Father Sarsfield O'Sullivan, Irish priest at St. Lawrence in Butte, Montana

About this Item

Title

  • Father Sarsfield O'Sullivan, Irish American priest, Butte, Montana, second interview, part 2

Names

  • Stanton, Gary Ward, 1946- (Collector)
  • Johnson, Paula J., 1954- (Collector)
  • Toelken, Barre, 1935- (Collector)
  • O' Sullivan, Sarsfield (Interviewee)

Created / Published

  • Butte, Montana, September 1, 1979

Headings

  • -  Irish Americans
  • -  Irish American Catholics
  • -  Folklore
  • -  Folk songs, Irish
  • -  Irish language
  • -  Ethnography
  • -  Field recordings
  • -  Interviews
  • -  Sound recordings
  • -  United States -- Montana -- Butte

Genre

  • Ethnography
  • Field recordings
  • Interviews
  • Sound recordings

Notes

  • -  Index data: Part 2 of a 5-part recording session with Father Sarsfield O'Sullivan at the St. Lawrence O'Toole Roman Catholic Church rectory in Butte MT: about odd affections, the Oxford educated priest whose rectory was the most godforsaken in Montana, on the Blackfoot Reservation; about "pub crawling" in Seattle, at the Britannia Saloon, where Montana Indians would congregate; the old emnities die slowly, there is a good sense of what they have lost; fieldworker Barre Toelken asks if there are friendships between the Indians and the Irish, and gives an example of a parallel in the Irish song "Four Green Fields"; Father O'Sullivan talks about his trip to San Francisco at the height of the Beat movement, wished he could introduce them to the Indians; how the old missionaries did better than they thought; sings "Lilly Bolero"; talks about similar openings to songs; sings "Poor Stranger Far From My Home" and "Leave the Green Bushes and Tarry With Me"; explains about the Red Haired Man, means an uncontrolled image in song; the church used some beliefs, especially edifying ghost stories; the Irish have an anticlerical spirit, "We still like to put you up on a pedestal so we can get a good crack at you"; about Father O'Flanagan, spoke out for the Basques, while the commonwealth Irish were for Franco, his Bishop forbade him to speak; song that sings praises for Newfoundland and takes back everything that had been said in the following line in Irish Gaelic; about Father Joe Maguire, found the names of Montana towns taken down from an old man in northern Ireland, who'd been a miner in Montana before returning to Ireland; about dialects, Mae Mulcahy represents pure "Buttese"; all the other ethnic groups pronounce English like the Irish in Butte; joke "They sure chirp like boids"; tells greenhorn story with Pierce Powers as shift boss.

Medium

  • 7-inch reel

Call Number/Physical Location

  • Call number: AFC 1981/005: AFS 20451
  • MBRS shelflist: RXA 0937
  • Field project identifier: MT9-GS-R66

Source Collection

  • Montana Folklife Survey collection (AFC 1981/005)

Repository

  • American Folklife Center

Digital Id

Online Format

  • audio

Rights & Access

The Library of Congress believes that some of the materials in this collection are in the public domain or have no known copyright restrictions, and are therefore free to use or reuse. For example, the fieldwork in this collection is in the public domain in the United States.

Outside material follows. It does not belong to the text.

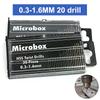 20/25Pc Mini Twist Drill Bit Set 0.3-1.6mm/0.5-3.0mm Full Grinding Micro Drilling Tool for Woodworking Plastic PVC Circuit Board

However, the Library has obtained permission for the use of other materials, and presents additional materials for educational and research purposes in accordance with fair use under United States copyright law. For example, some of the recordings contain copyrighted music, and not all of the performers and other individuals who were recorded signed releases for public use of their work.

In addition, the American Folklife Center and the professional fieldworkers who carry out these projects feel a strong ethical responsibility to the people they have visited and who have consented to have their lives documented for the historical record. The Center asks that researchers approach the materials in this collection with respect for the culture and sensibilities of the people whose lives, ideas, and creativity are documented here. Researchers are also reminded that privacy and publicity rights may pertain to certain uses of this material.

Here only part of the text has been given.